Recommendation: Provide an ROI lookup table (main text or Appendix) mapping ROI indices to anatomical labels (and laterality), plus voxel counts/volumes. In Sec. 3.3.2 and Discussion, refer to ROIs as “$ROI_k$ (RegionName)”. Expand Sec. 2.3.1 with atlas origin (species-specific vs adapted), resolution, and registration QC examples (e.g., overlay snapshots).
-
Positioning/novelty is somewhat overstated relative to established human-literature residual frameworks (cognitive reserve, brain maintenance, brain-age/cognitive-age residuals). The manuscript currently under-engages with this lineage, making it hard to see what is fundamentally new beyond application to bats and epigenetic age (Sec. 1; Sec. 4.1).

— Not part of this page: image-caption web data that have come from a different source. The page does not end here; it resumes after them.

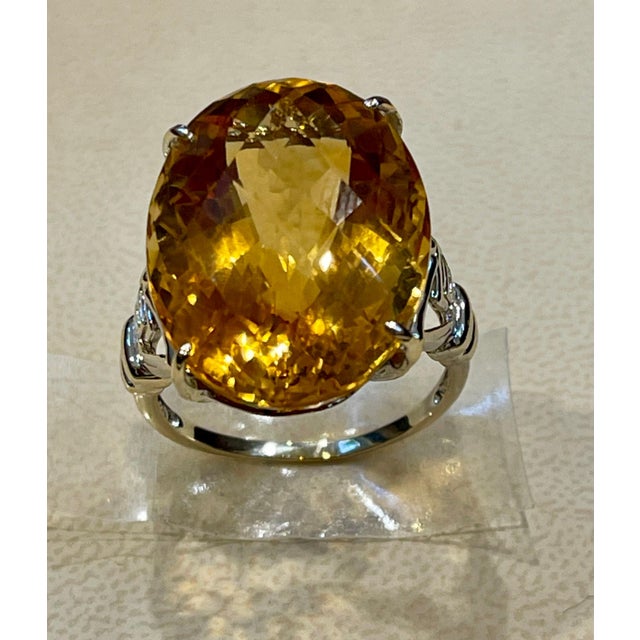 Metal 34 Ct Natural Oval Checker Board Citrine Cocktail Ring 14 Kt Yellow Gold, Estate For Sale - Image 7 of 18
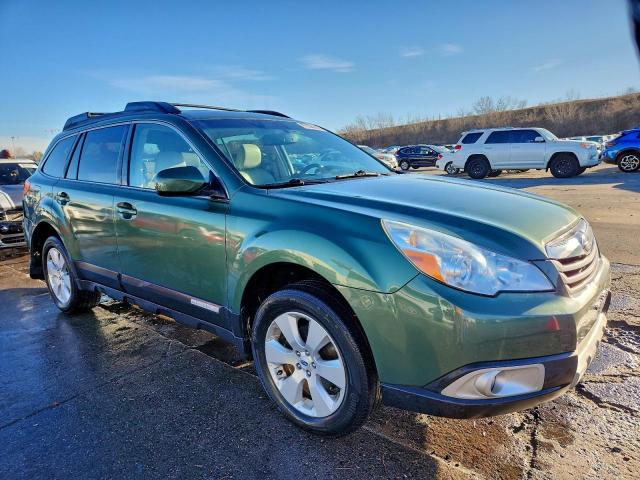 Subaru Outback 2.5i Limited Image 2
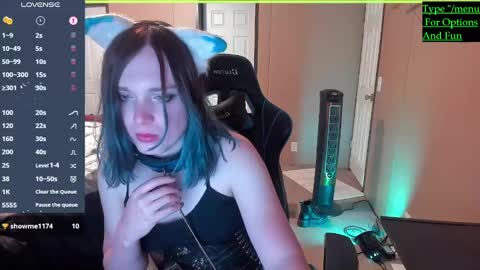 Snapshot of cupcakecrow chatting on 03-08-25, 01:50 cupcakecrow online show from 03-08-25, 01:50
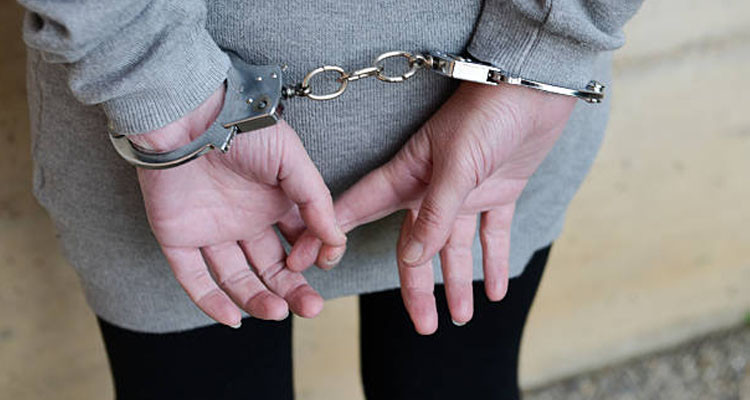 بنزرت: القبض على خمسينية عليها أحكام بالسجن لثلاثة قرون 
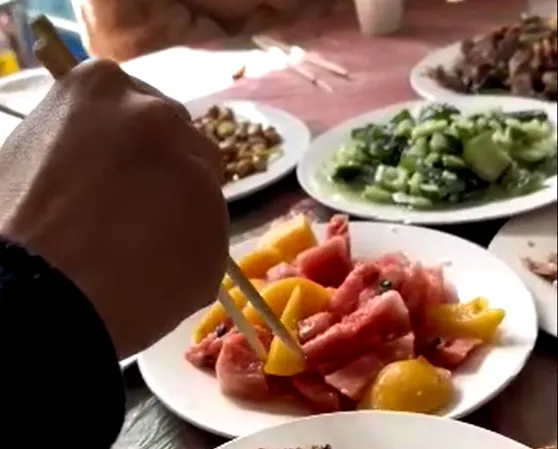 影/大陸各地氣溫創入冬新低！菜餚都冷到凍僵「筷子夾不動」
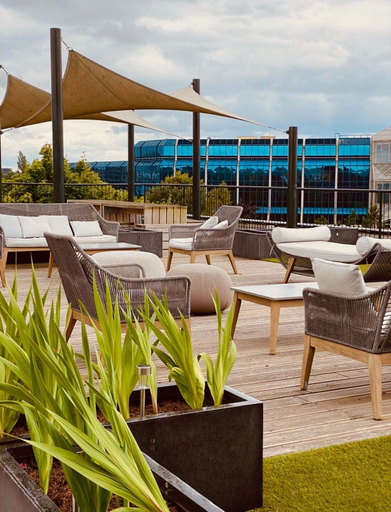 Food & Drinks 4, Luxury Serviced Apartments Stevenage, Hertfordshire, Hertfordshire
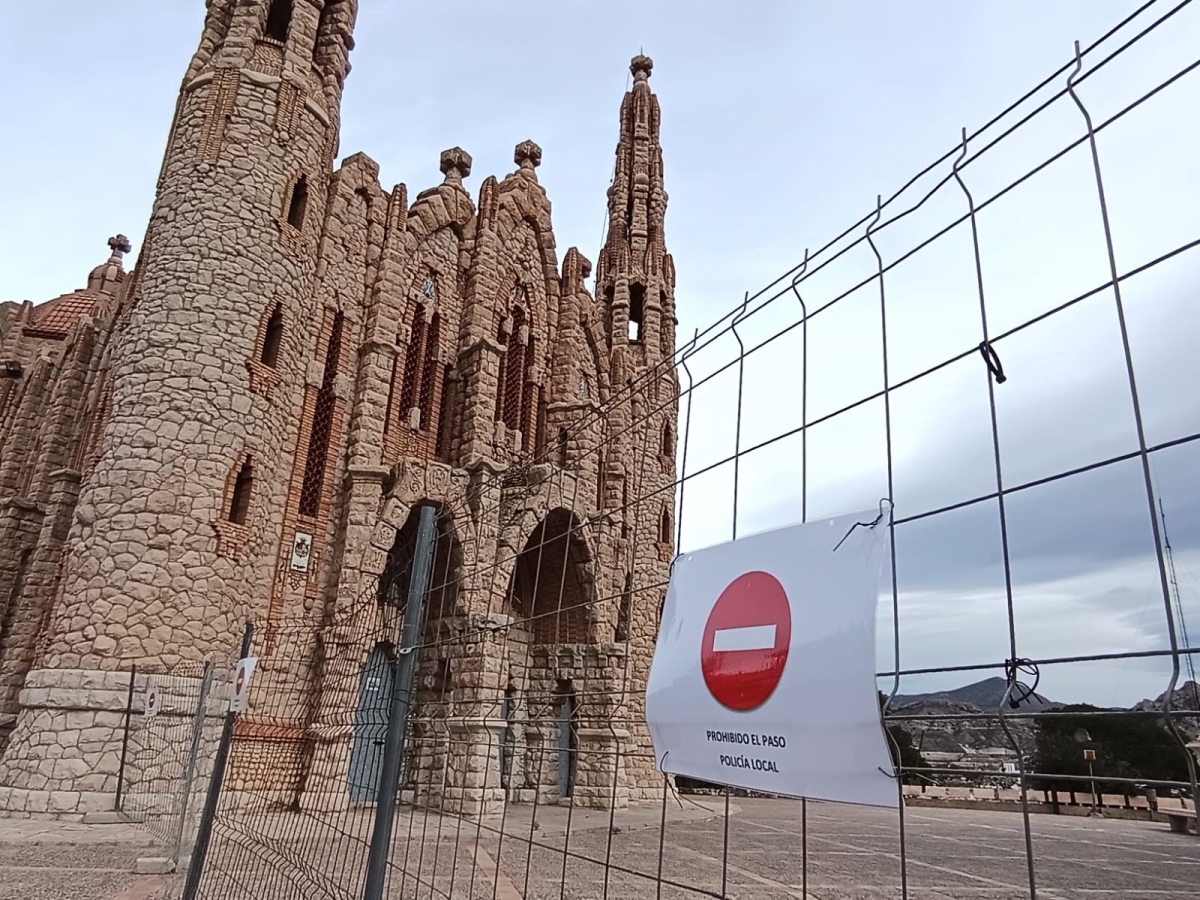 Novelda cierra el acceso al Santuario de Santa María Magdalena por grietas en una torre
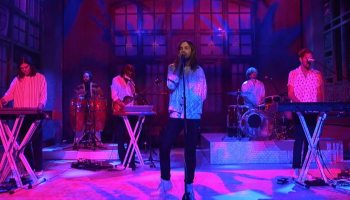 Premio doble: Tame Impala interpreta dos nuevas canciones en Saturday Night Live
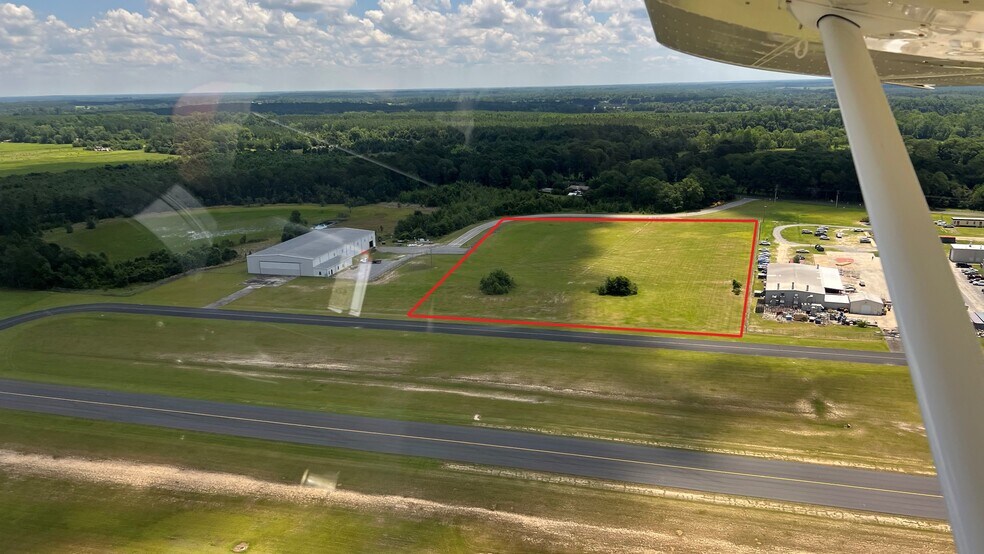 100 Aviation (2) way, Eastman, GA à louer - Plan de site – Image 2 sur 3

Recommendation: In Sec. 1 and Sec. 4.1–4.4, add a concise related-work paragraph explicitly connecting to residual-based resilience/cognitive reserve frameworks and clarifying what is novel here (e.g., epigenetic-age normative model; bat model; atlas-based DTI pipeline). Moderate claims in Sec. 3.4/Sec. 4.4 to reflect proof-of-concept status until real behavioral metrics are available.